# ATV Log Skidder



## Philip Wheelock (Mar 27, 2014)

Been thinning a White Pine stand on our property and have 10-18" dia. logs to move; looking for recommendations on a skidder for my small tractor (see avatar). The skidding cones look like they'll break; anyone tried these? I see Logosol and LogRite log arches online. The forester who's advising me suggested I have my next door neighbor fabricate one. The neighbor has a hydraulic repair business and has fabricated a couple of wood processors. Suggestions appreciated.


----------



## Nuzzy (Mar 27, 2014)

IMHO, log arches work great behind GTs. I originally built this one longer and ultimately shortened it up for better maneuverability in our woods.


----------



## hoskvarna (Mar 27, 2014)

. I'm gonna build one like this. Put a ring on the bar, chain it to log , pull forward log lifts to transport 


Sent from my iPhone using Tapatalk 2


----------



## bowtechmadman (Mar 27, 2014)

Nuzzy the hitch is different on that one now. Works great.


----------



## Nuzzy (Mar 27, 2014)

bowtechmadman said:


> Nuzzy the hitch is different on that one now. Works great.
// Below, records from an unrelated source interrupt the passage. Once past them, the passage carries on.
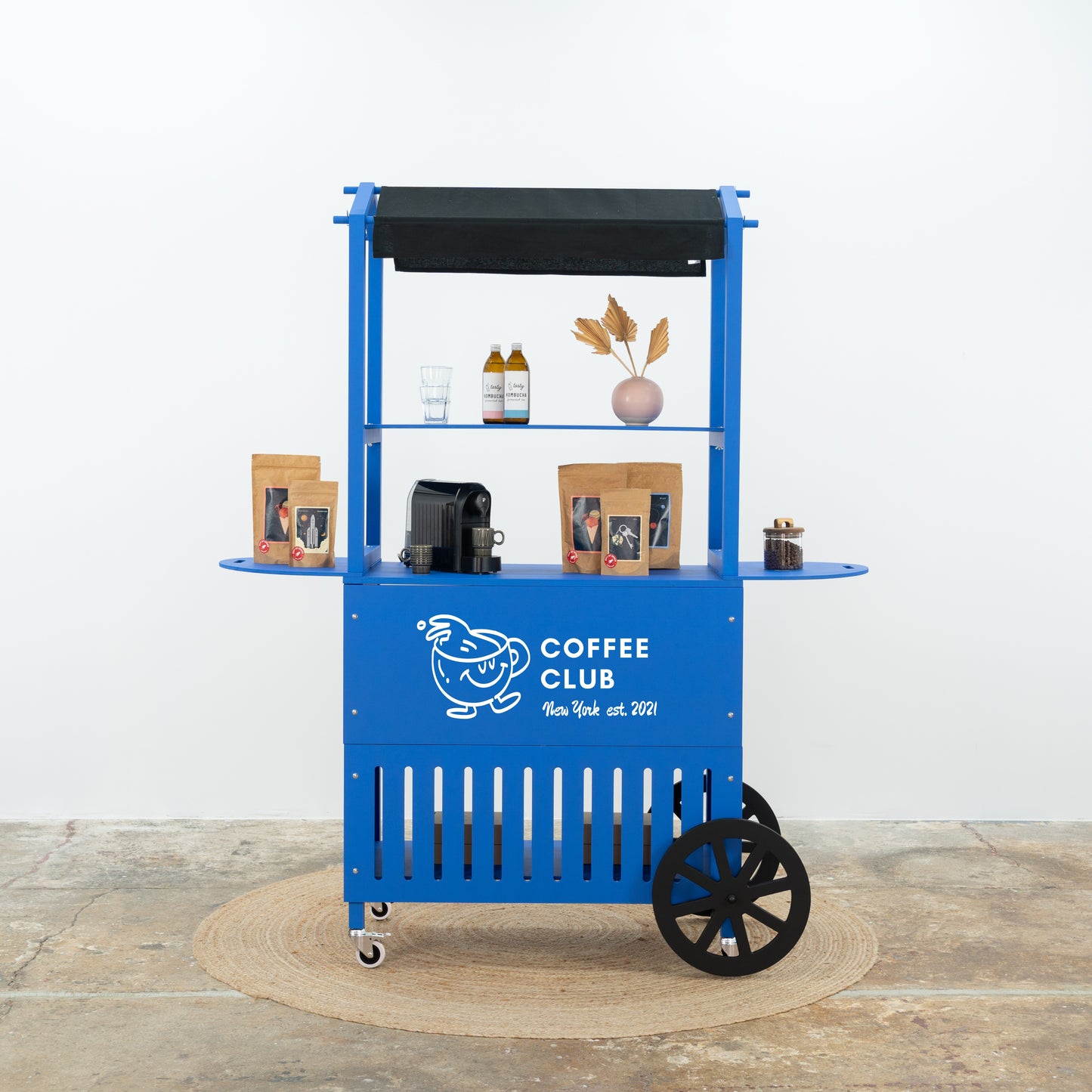 Cobalt blue wooden cart with black awning – Coffee Shop theme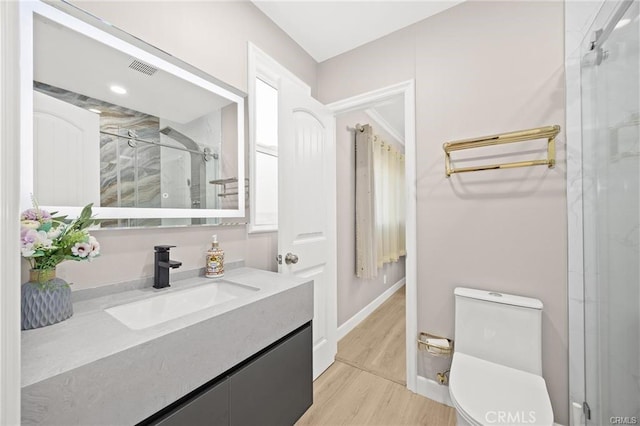 bathroom with a stall shower, visible vents, toilet, wood finished floors, and vanity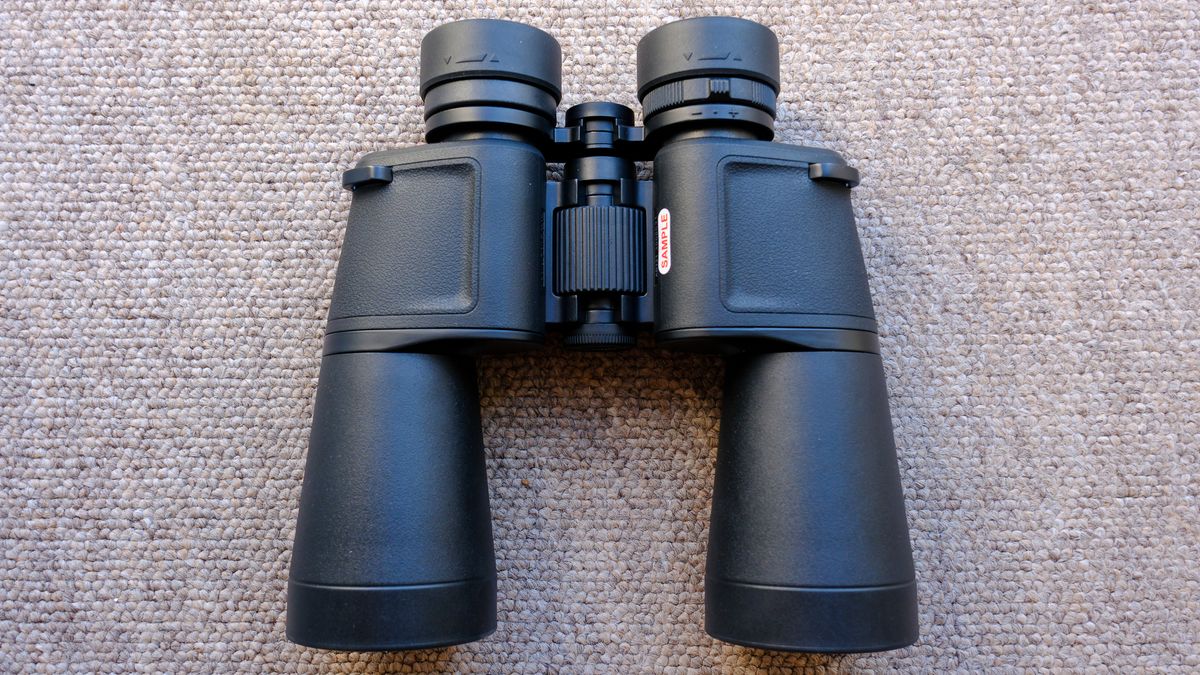 The Nikon Action 7x50 binoculars on a brown carpet, showing chassis, fousing dial and eyecups.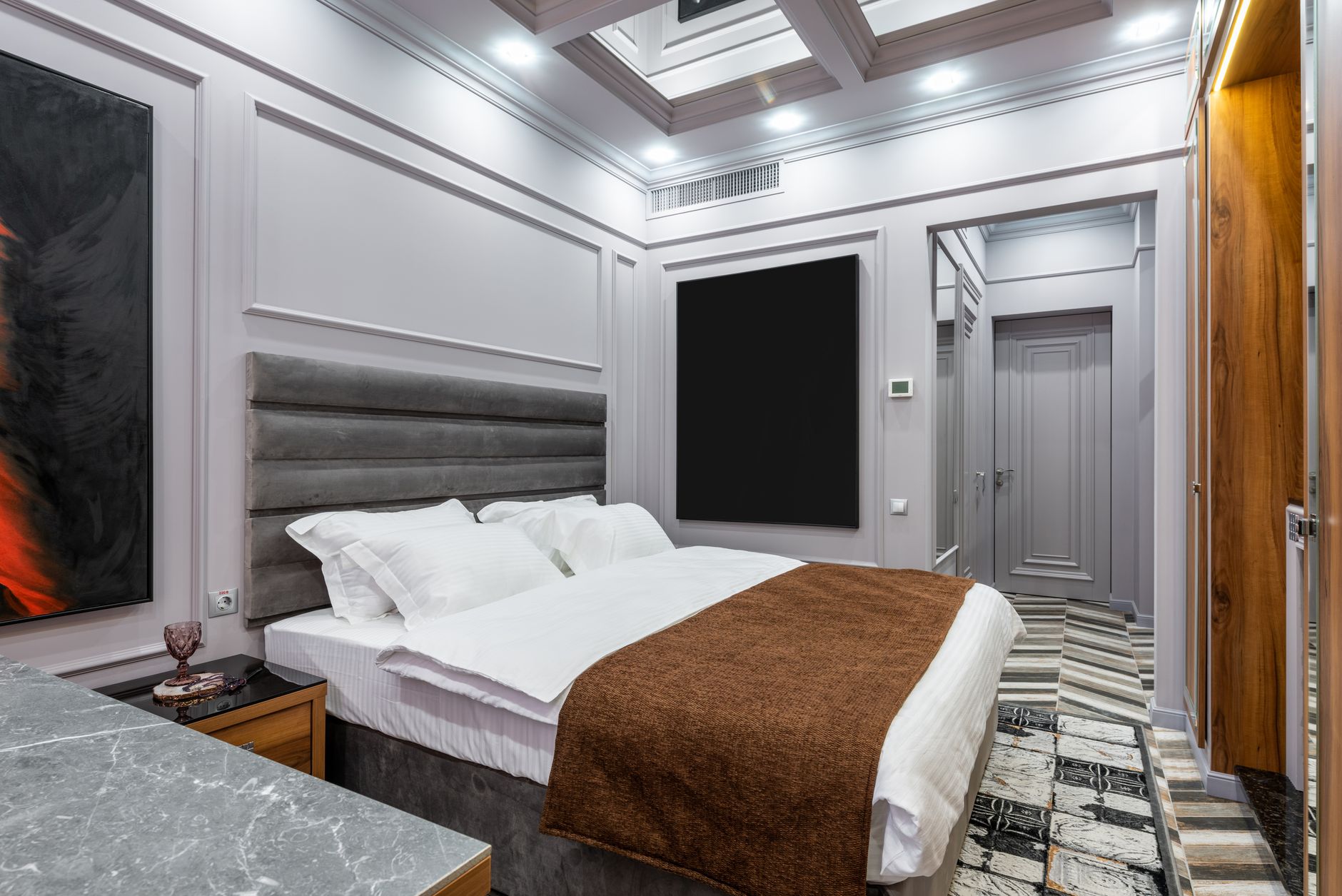 Stylish modern bedroom featuring grey accents, plush bedding, and inviting decor for patient comfort.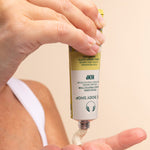Hand holding hemp hand protector tube with a beige background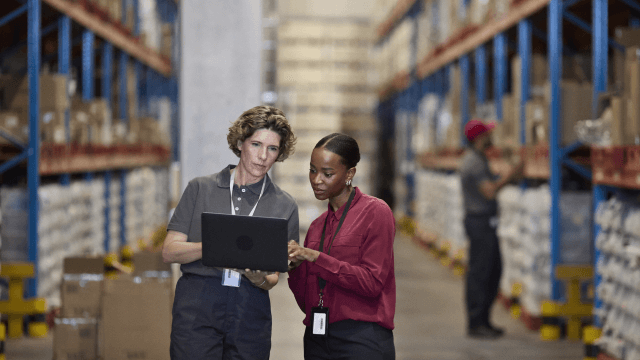 Two warehouse employees using a laptop for inventory management in a logistics facility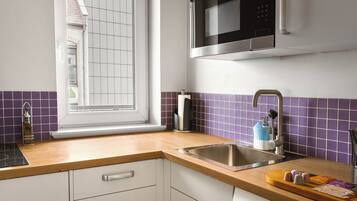 Comfort Suite with Sofa Bed and Balcony | Private kitchen | Coffee/tea maker, fridge, microwave, stovetop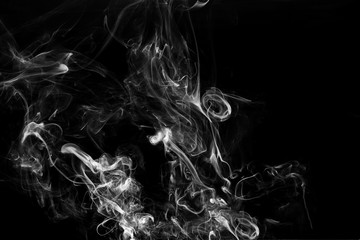 white smoke flame on a black background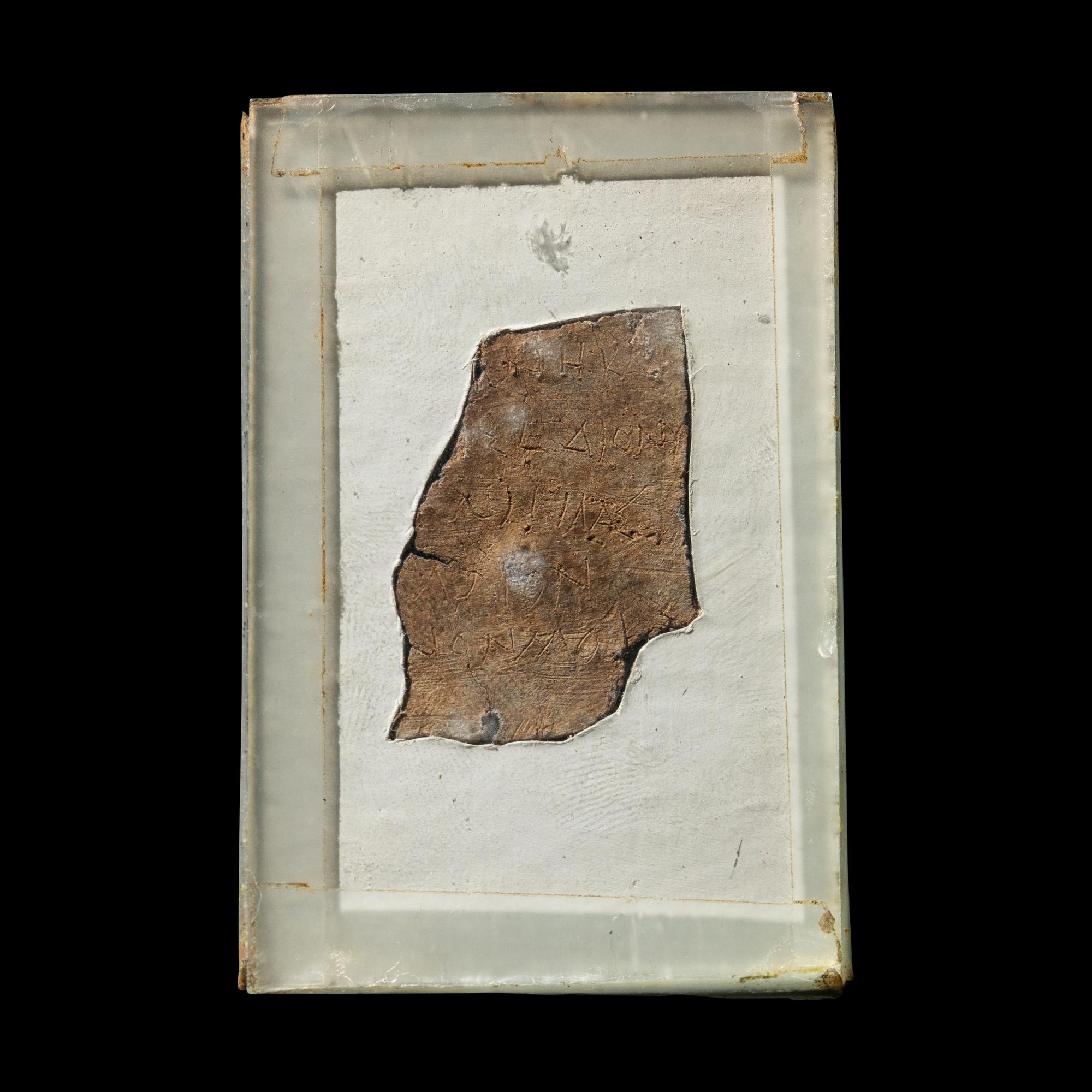 A Roman Lead Fragment with Greek Inscription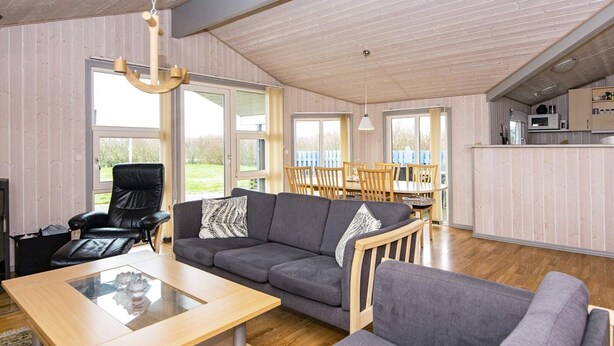 A spacious living room with a grey sofa, a black leather chair, and a wooden coffee table. There is a dining area with wooden chairs and a table, and a kitchen area with a microwave and cabinets. - Tranquil Retreat With Spa - By Traum Ferienwohnungen (Hemmet)
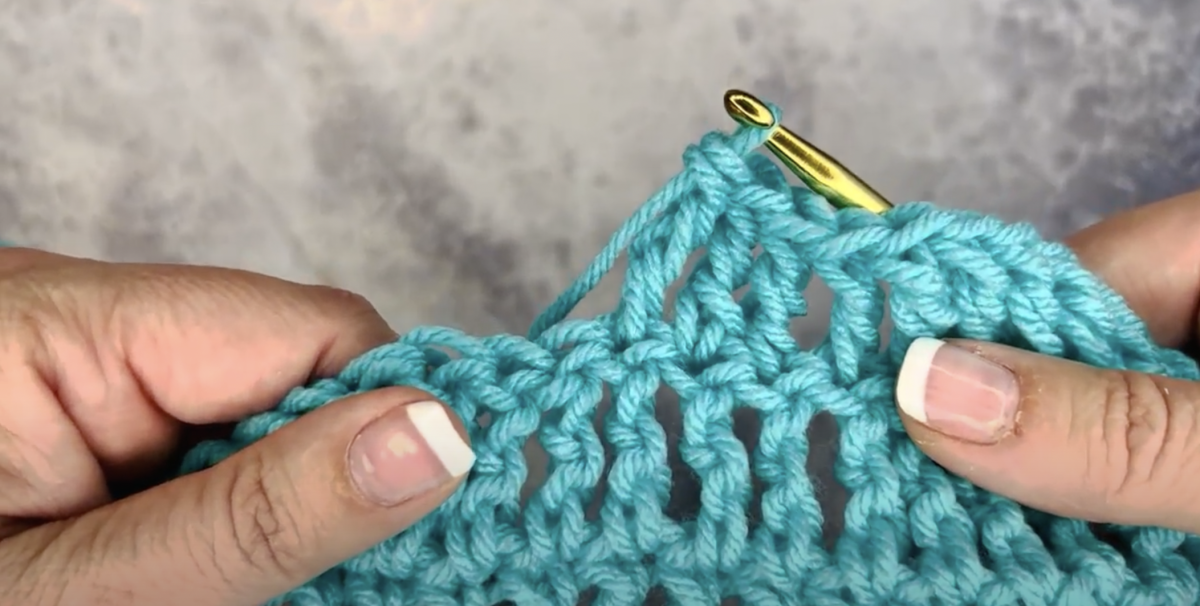 Step 1 to make a treble crochet. Start with a foundation chain and create as many rows as needed.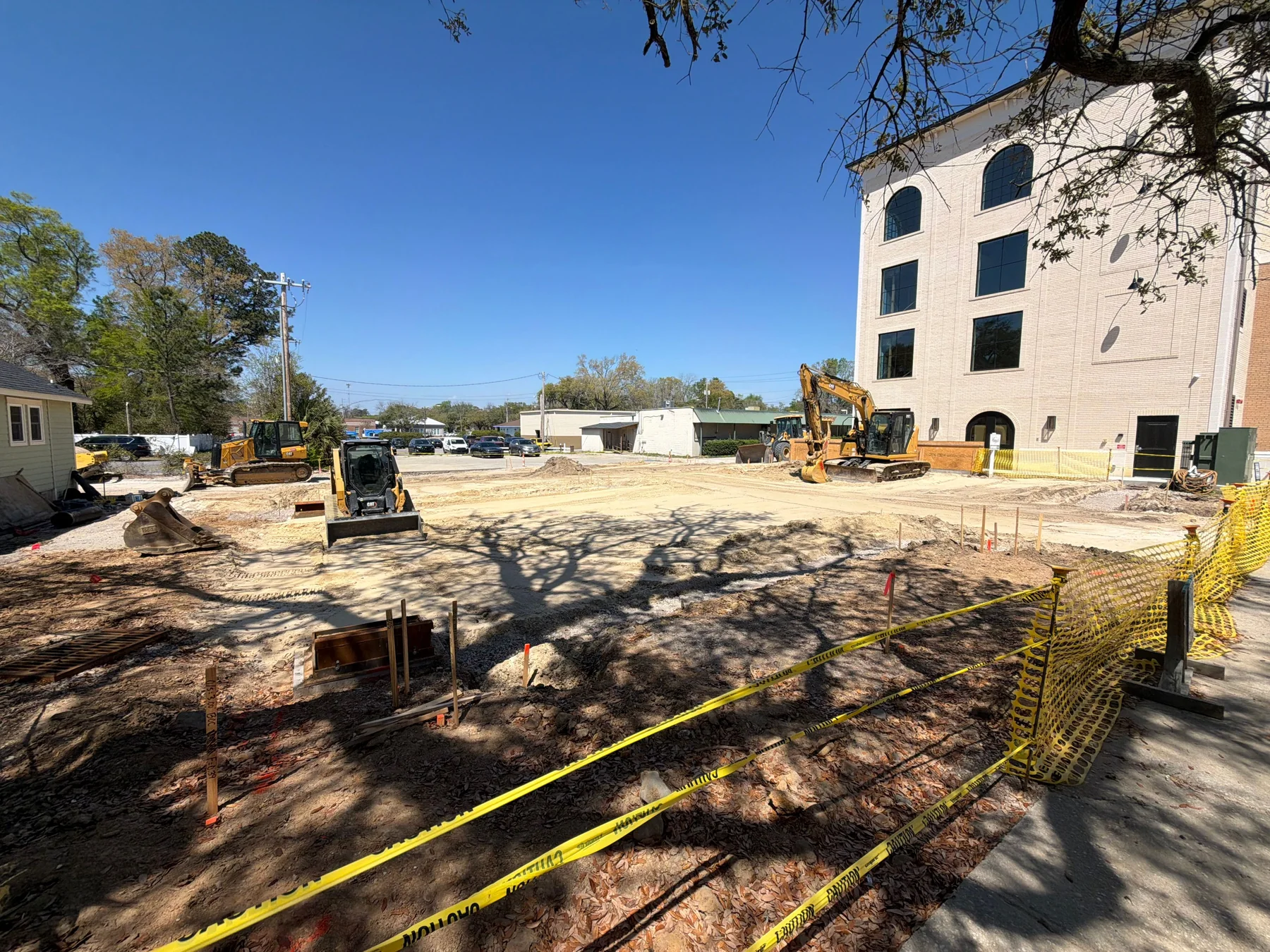Commercial site construction with excavation equipment and grading beside an existing building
Happy to hear it's still in service 





Sent from sasquatch tapaterritory...


----------



## VT_Tree_Wrecker (Mar 28, 2014)

I've been using a skidding cone for a few years now behind an ATV and they are tough haven't broken it yet and I'm not easy on it either


----------



## jwade (Mar 28, 2014)

skidding cones are good. saw on another thread that a guy uses old car hoods, or an old plastic car bumper cover, said he cuts the corner off the cover runs a chain through it then hooks the log. the log resets on the cover and slides across the groun. i havent attempted it yet but i will on my next outing. good luck


----------